Wspólnota Kościoła chroni też naszą wiarę, żeby nie przestała być… wiarą. Na czymś trzeba przecież oprzeć własne przekonania, a Kościół ma wiele cennych argumentów na potwierdzenie swoich nauk. Nie można budować światopoglądu tylko na osobistych odczuciach czy na autorskich ideach. Kościół pomaga nam nie pomylić Bożej obecności z ludzkimi emocjami, życiodajnej prawdy ze złudnymi mniemaniami, prawdziwego Boga z prywatnym bożkiem, którego sami sobie tworzymy.
Kościół i polityka
Przy tej okazji warto uporządkować jeszcze jeden temat: obecność Kościoła w sferze publicznej, także w świecie polityki. Niektórym się wydaje, że im więcej instytucji Kościoła w życiu społecznym, tym lepiej dla wiary. Otóż niekoniecznie tak musi być! Co więcej, można odnieść wrażenie, że nadmiar takiej obecności powoduje niejednokrotnie reakcje alergiczne: wielu doskonale wyczuwa, kiedy zdrowe granice są w tym względzie przekroczone. Trzeba jednak równocześnie pamiętać, że Kościół jest ważnym elementem społeczeństwa (chociaż zawsze tylko jednym z wielu), a biskupi i księża są obywatelami cieszącymi się pełnią swoich społecznych praw. Co więcej, miejscowy duszpasterz jest często ważną postacią w życiu lokalnej społeczności, trudno więc, by nie był publicznie obecny w istotnych dla swojego środowiska chwilach.

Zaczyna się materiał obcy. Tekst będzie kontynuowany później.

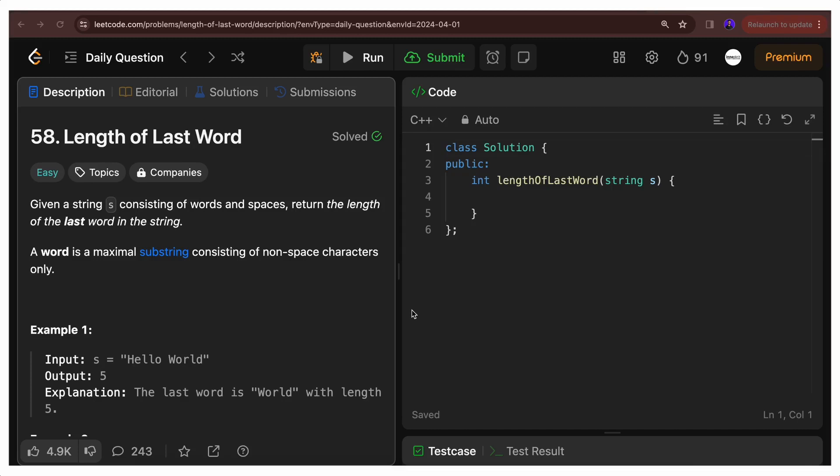Hi everyone, welcome back to InnoScript. So let's solve today's LeetCode challenge which is Length of Last Word. Let's first read the problem statement and then we'll try to understand what the problem is and how we're going to solve it.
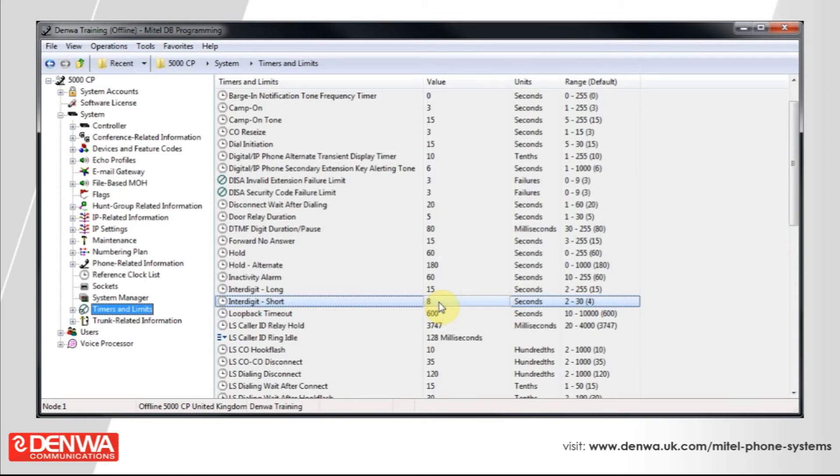I hope you've enjoyed this quick tutorial on Mitel 5000 system timers, but if you require any further information, or would like to request a free demo, then please don't hesitate to get in touch with us.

Niektórzy chcieliby jednak zupełnie usunąć ludzi Kościoła ze społeczeństwa i schować ich w zakrystiach, salkach parafialnych i świątyniach – aby nie było ich widać na zewnątrz i by nie naruszali oni swoją obecnością laickiego świętego spokoju. Jednakże duszpasterz jest bardzo potrzebny także poza murami świątyń. Kapelan w wojsku jest często ostatnim, którego widzi młody żołnierz umierający na misji pokojowej, i pierwszym, który informuje o jego śmierci rodzinę. Kapelan w szpitalu niesie nadzieję tym, dla których medycyna nie ma już żadnej nadziei. Kapelan więzienny pomaga w nawróceniu tych, którzy odkrywają, że nawet jeśli wszyscy postawili na nich krzyżyk, to Bóg nigdy ich nie przekreśla.